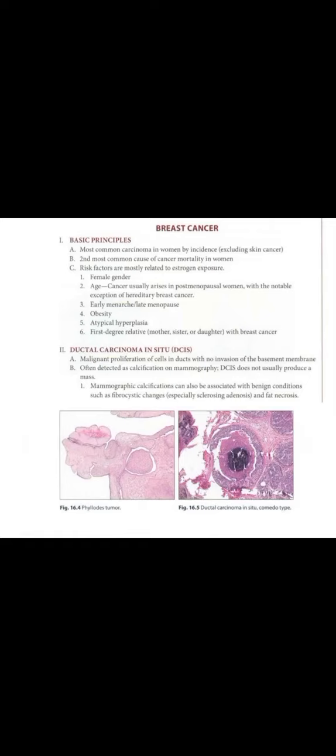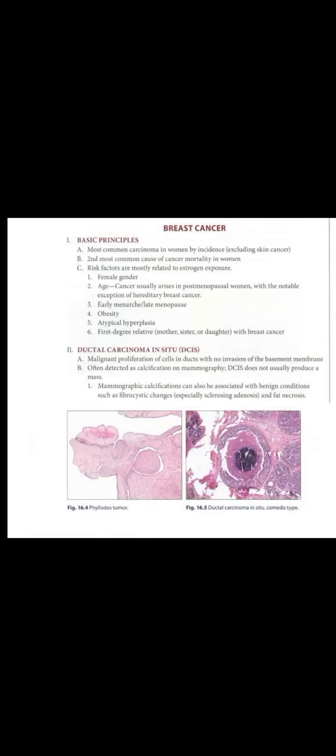Breast Cancer. Most common carcinoma in women by incidence, excluding skin cancer. Second most common cause of cancer mortality in women. Risk factors are mostly related to estrogen exposure.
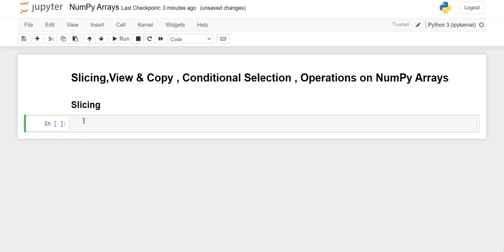Hello everyone, welcome back. In this video we are going to see how to perform slicing in NumPy arrays, then we will see view and copy functions, then we will perform conditional selections on NumPy arrays, and at last we will see some mathematical operations on NumPy arrays. So let's get started.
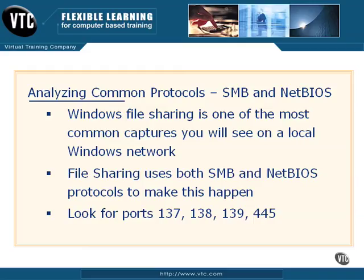It's not unusual to do a scan on Windows box and see ports 137, 138, 139, and 445 open. And you'll see these ports open depending upon which version of Windows you're actually seeing. Sometimes you'll see these on TCP ports, and sometimes you'll see these on UDP ports, depending upon which port it is. But you'll see this a lot when Windows File Sharing is going on.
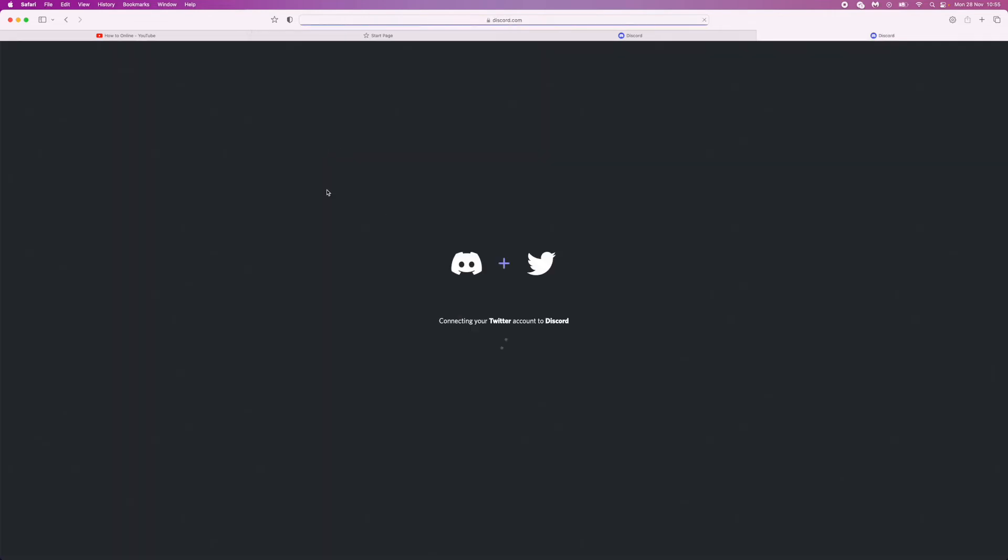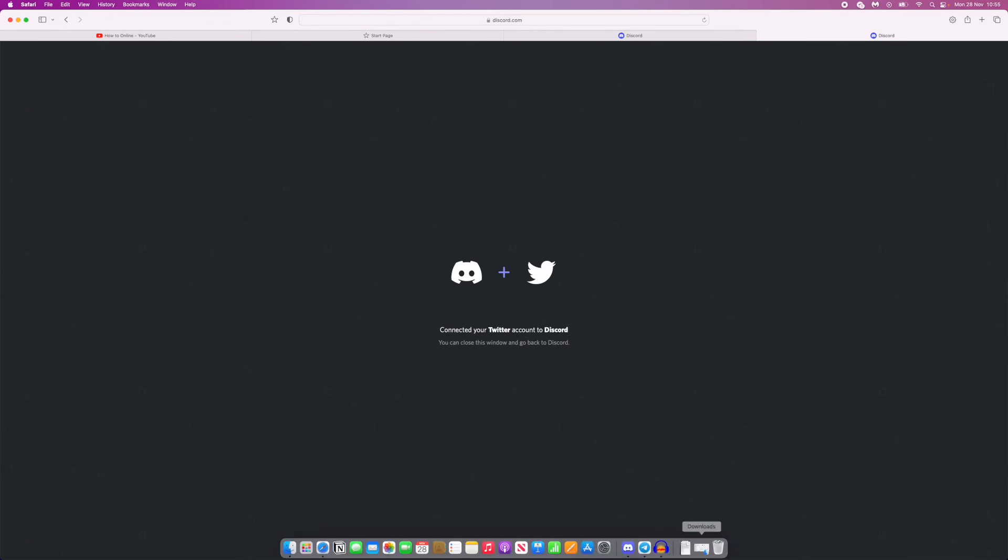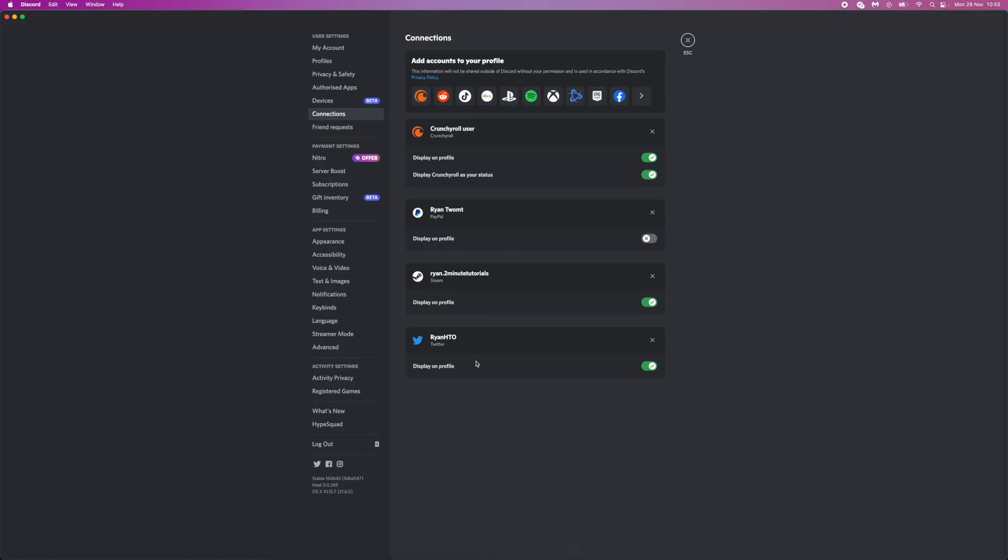So click on authorize app, and then that will connect your Twitter to your Discord account. If I go back over to Discord now and click on this, as you can see, my Twitter has now been connected. So it's just simple, guys. If this video helped you out, please leave a like on today's video, and I'll see you in the next one.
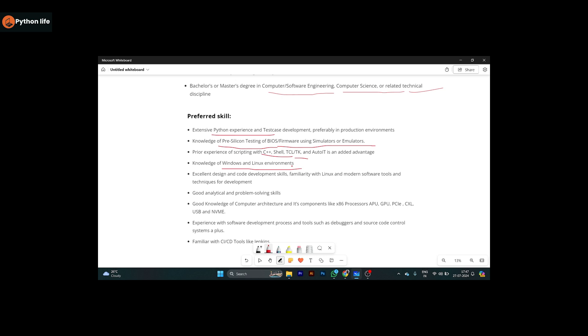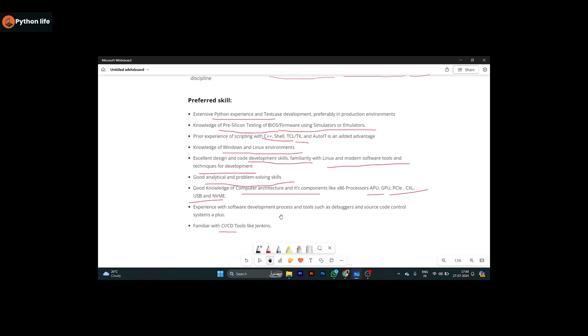Excellent design and core development skills, familiarity with Linux and modern software tools and techniques. Good analytical problem-solving skills are encouraged. APU, GPU, PCI Express, USB, and NVME skills in components. Familiarity with CI and CD tools like Jenkins.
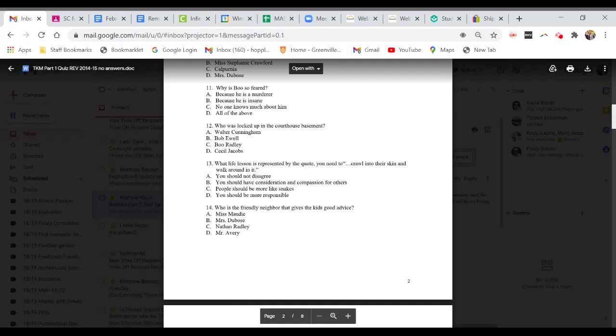Question 12. Who was locked up in the courthouse basement? A. Walter Cunningham. B. Bob Ewell. C. Boo Radley. Or D. Cecil Jacobs.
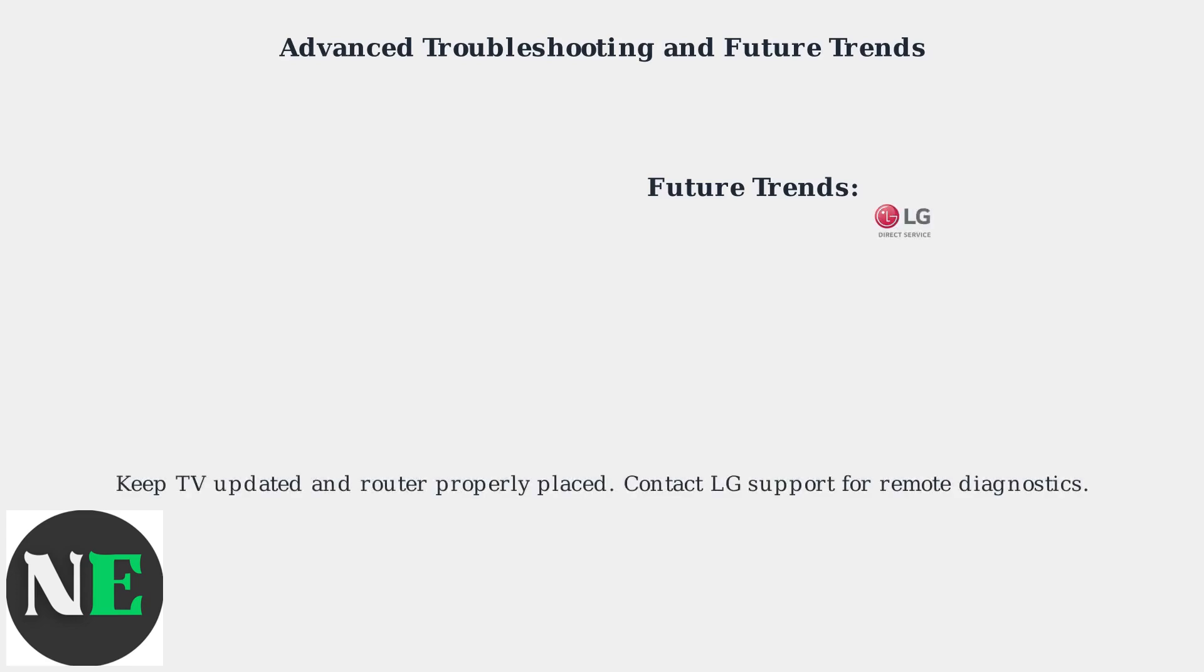Remember to keep your TV firmware updated and position your router optimally for best performance. If issues persist, contact LG Support for Advanced Remote Diagnostics.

▶ [PROBLEM REQUIREMENTS]:
Starting at the line that contains "Question 12. Who", write out every line through the final line of the entries, word for word; skip any pictures.

▶ [SOLUTION FOR THIS TASK]:
Question 12. Who was locked up in the courthouse basement? A. Walter Cunningham. B. Bob Ewell. C. Boo Radley. Or D. Cecil Jacobs.
Remember to keep your TV firmware updated and position your router optimally for best performance. If issues persist, contact LG Support for Advanced Remote Diagnostics.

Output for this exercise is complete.